Pub Date: May 13th, 2008
ISBN: 978-0-7868-6097-5
Publisher: Hyperion

Ng’s second novel (Bone, 1993) depicts the tensions and affections of a complex Chinese-American family in San Francisco.

In 1952, Jack Moon Szeto is admitted to the United States as the “son of a native,” Gold Szeto, a businessman and fixer for whom he goes to work as a butcher. Jack becomes something of a Chinatown lothario (“Lord of the Peach Blossoms, lucky in the garden” to use his flowery phrase), but that ends when he falls in love with Joice, daughter of the neighborhood’s corpse-washer and thus, to many, untouchable by association. When Joice becomes pregnant with a daughter and Gold arranges for Jack’s Chinese bride—actually a mistress for his sponsor—to join her “husband” stateside, Jack makes a fateful decision. He informs on Gold to the McCarthy-era Chinese Confession Program, and Gold is deported—not before issuing the order that Jack surrender a pound of flesh (in this case a hand) for his betrayal. Joice, who longs to escape the physical and spiritual confines of Chinatown, moves away and marries. The first half of the book is written in spare, lyrical prose that can be affecting but also frustrating; there’s too much grand abstraction, too much dialogue like “Don’t be a coolie of love!” and “A muddled heart never leads the hero to a new dawn.” Yet Ng also provides brisk, unadorned descriptions of butchery, fortune-cookie making, and more.

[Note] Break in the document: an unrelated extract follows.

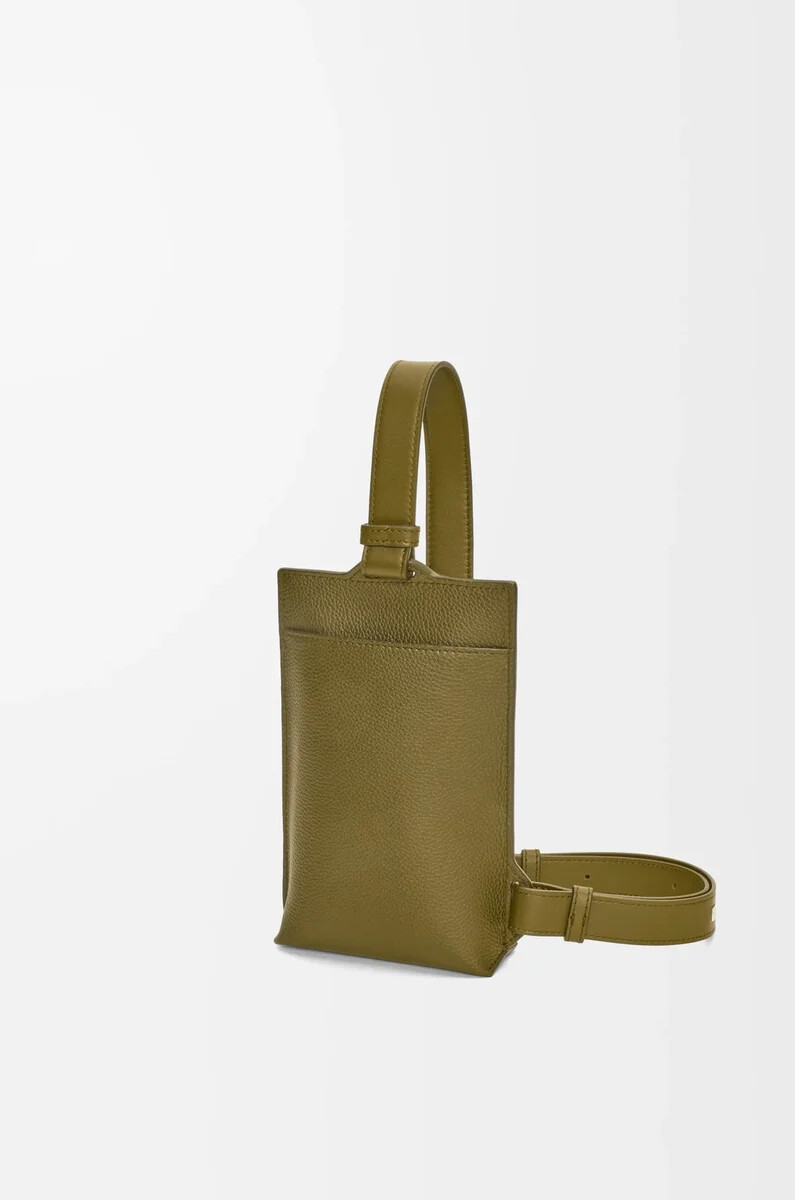 poche verticale en t en cuir de veau grainé souple olive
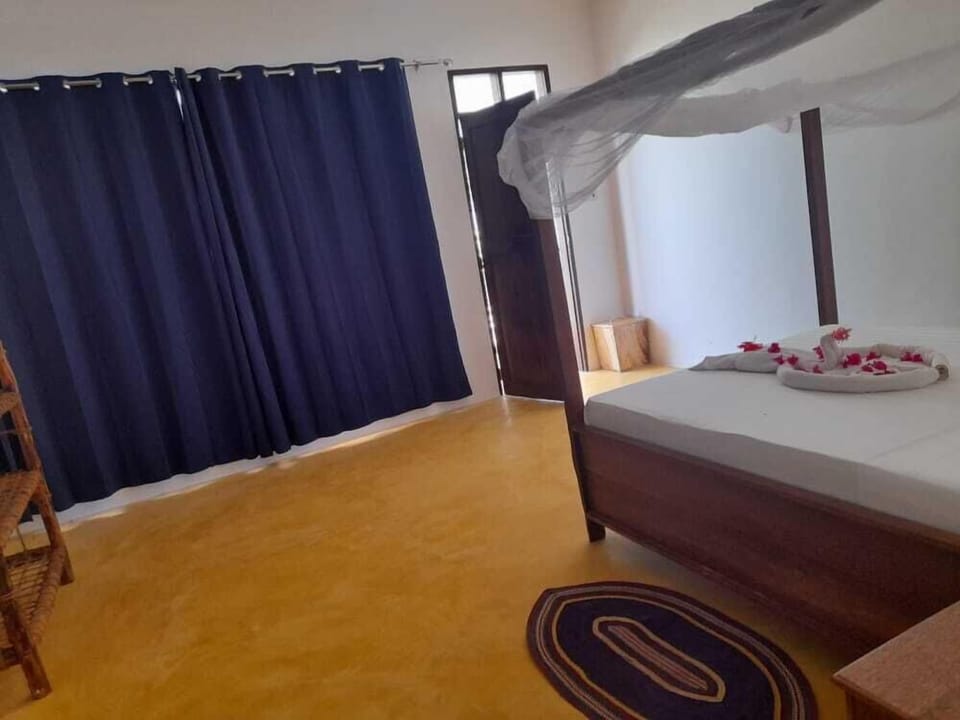 Bedroom (1)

The book picks up considerably in the second half, which focuses on Jack’s American-born daughter and her loving but fractious relationship with her father, who’s hampered by poor English, his physical handicap and a childhood whose central, awful event she can scarcely imagine. Here the author discovers her true subject: the cultural gulf between immigrants and their children, between aliens and citizens, the naturalized and the native.

Ng’s novel finds its force in the latter stages, which explore the bond between a lively, confident American daughter and her remote Chinese father.